▸ DIRECTIONS: Report every line of the data that includes "Image".

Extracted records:
········

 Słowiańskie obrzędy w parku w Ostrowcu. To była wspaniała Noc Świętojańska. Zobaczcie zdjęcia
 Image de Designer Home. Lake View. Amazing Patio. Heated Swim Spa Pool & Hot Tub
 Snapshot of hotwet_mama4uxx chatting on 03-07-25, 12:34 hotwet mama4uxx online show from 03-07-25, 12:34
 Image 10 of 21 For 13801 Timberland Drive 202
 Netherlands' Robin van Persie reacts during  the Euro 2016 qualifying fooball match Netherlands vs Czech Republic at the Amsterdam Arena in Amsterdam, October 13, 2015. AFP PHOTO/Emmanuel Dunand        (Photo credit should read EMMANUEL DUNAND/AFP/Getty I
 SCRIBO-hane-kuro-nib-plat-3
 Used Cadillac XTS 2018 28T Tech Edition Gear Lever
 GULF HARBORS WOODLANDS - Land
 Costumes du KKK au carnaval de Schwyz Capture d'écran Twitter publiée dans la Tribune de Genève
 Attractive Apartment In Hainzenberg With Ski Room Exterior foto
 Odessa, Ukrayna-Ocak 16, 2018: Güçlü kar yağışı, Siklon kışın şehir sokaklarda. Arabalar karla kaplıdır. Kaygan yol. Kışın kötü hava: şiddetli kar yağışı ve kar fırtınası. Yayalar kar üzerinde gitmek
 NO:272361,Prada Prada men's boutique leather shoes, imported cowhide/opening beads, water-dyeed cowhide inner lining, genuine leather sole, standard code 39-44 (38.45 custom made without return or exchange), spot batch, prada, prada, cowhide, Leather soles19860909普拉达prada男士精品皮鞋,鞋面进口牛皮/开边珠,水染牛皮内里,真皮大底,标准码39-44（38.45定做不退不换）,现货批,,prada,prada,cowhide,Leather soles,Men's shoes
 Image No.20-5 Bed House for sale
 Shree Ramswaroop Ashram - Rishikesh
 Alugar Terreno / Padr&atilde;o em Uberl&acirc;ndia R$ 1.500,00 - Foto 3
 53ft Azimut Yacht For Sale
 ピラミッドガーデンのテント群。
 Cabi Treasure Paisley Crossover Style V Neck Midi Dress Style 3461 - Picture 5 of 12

········

▸ PROBLEM SOLUTION:
 Image de Designer Home. Lake View. Amazing Patio. Heated Swim Spa Pool & Hot Tub
 Image 10 of 21 For 13801 Timberland Drive 202
 Image No.20-5 Bed House for sale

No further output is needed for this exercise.